Sommer ved Kysten, Kragero

Details
Edvard Munch (1863-1944)
Sommer ved Kysten, Kragero
signed 'E Munch 1911' (lower right)
oil on canvas
43 5/8 x 47¼ in. (111 x 120 cm.)
Painted in Kragerø in 1911
Provenance
Edvard Munch until 1932.
Leif Høegh, Oslo (circa 1963).
Private Collection, Scandinavia, purchased by the father of the present owner.
Literature
Engelstad, Shlytter and Woxholth, Norwegian estates, vol. II, Oslo, 1963 (illustrated p. 120).
A. Eggum, Edvard Munch Norsk Kunstnerleksikon, vol. I-IV, Oslo, 1982-86, pp. 979-995.
Exhibited
Zurich, Kunsthaus Zurich, Edvard Munch Paul Gauguin, 1932, no. 15. Kragerø, Meierigarden, Munch i Kragerø, 1998.
Special notice
VAT rate of 5% is payable on hammer price plus buyer's premium.
Sale room notice
The Munch Museum has kindly confirmed the authenticity of this work and will shortly be issuing a certificate for the painting.

Lot Essay

In 1912 Munch's position as a radical, avant-garde colourist was secured when he was invited by the organisers of the Cologne "Sonderbundaustellung" to exhibite ? pictures at their show. The exhibition remains the most important single show of Expressionist paintings ever staged and Munch, who was given his own room in recognition of his contribution to the avant-garde movement in Europe was signalled as the father-figure of 20th Century expressive classism.
With its loose dynamic brushwork the present painting relates very closely to the Morizburg paintings of S. Rottluff and his Brücke contemporaries. Within it, however, runs a strand of classicism which signals Munch's basic differences to the radical young turks of Die Brücke. Technically and compositionally the present work has the control and mannerisms of Cézanne's L'Estaque paintings (Fig. 1).

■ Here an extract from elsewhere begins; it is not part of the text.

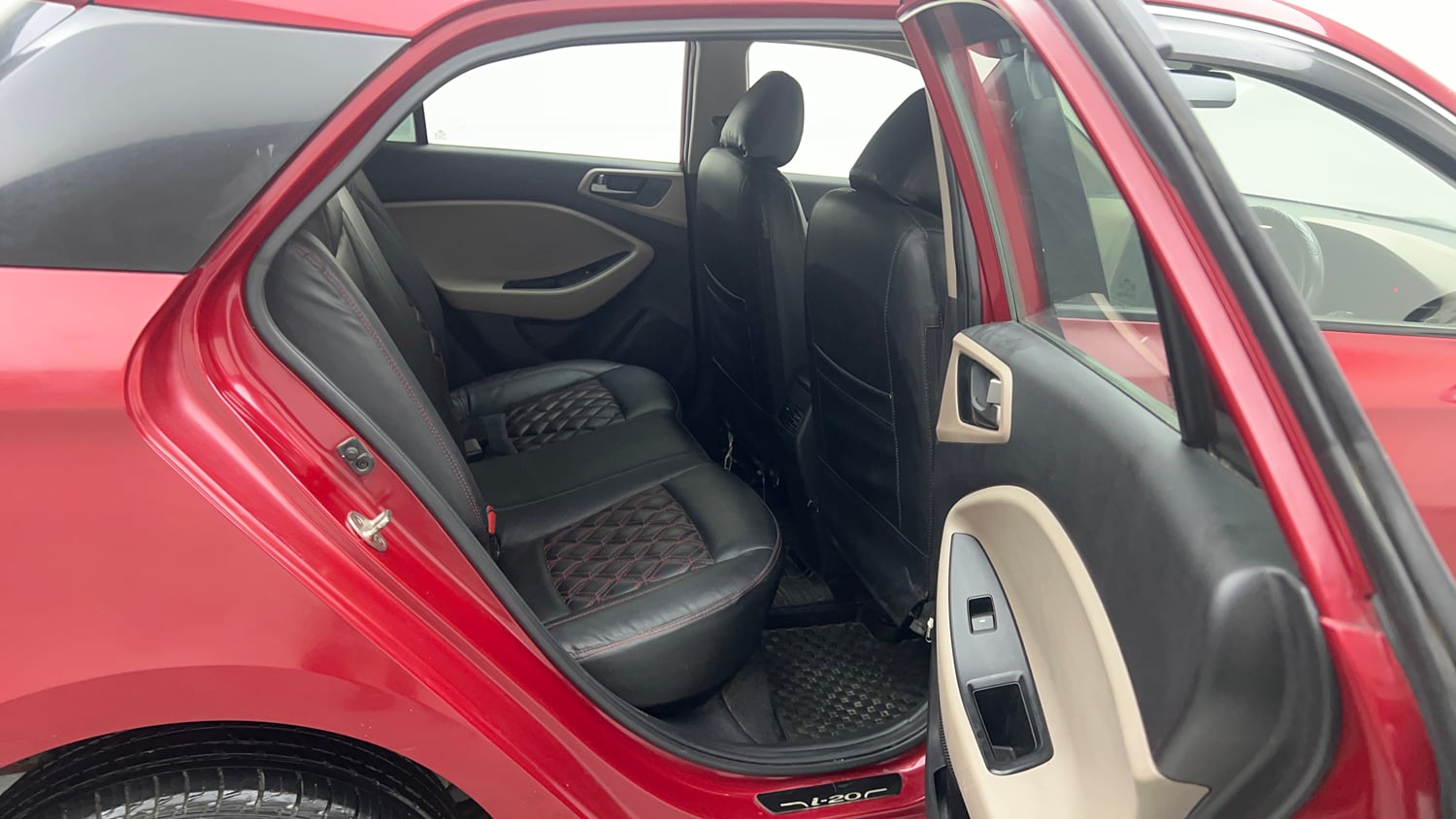 Used 2018 Hyundai Elite i20 Magna Executive 1.2 Petrol Manual interior RIGHT SIDE REAR DOOR CABIN VIEW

Like many works executed in Kragerøo where Munch was at his happiest, the present painting was not sold by Munch until 1932 when it was acquired by the Norwegian ship-owner, Leif Hoegh. Aside from a single exhibition at the Zurich Kunsthaus in 1932, when it was presumably lent by the artist, the painting was not shown publicly for over sixty years.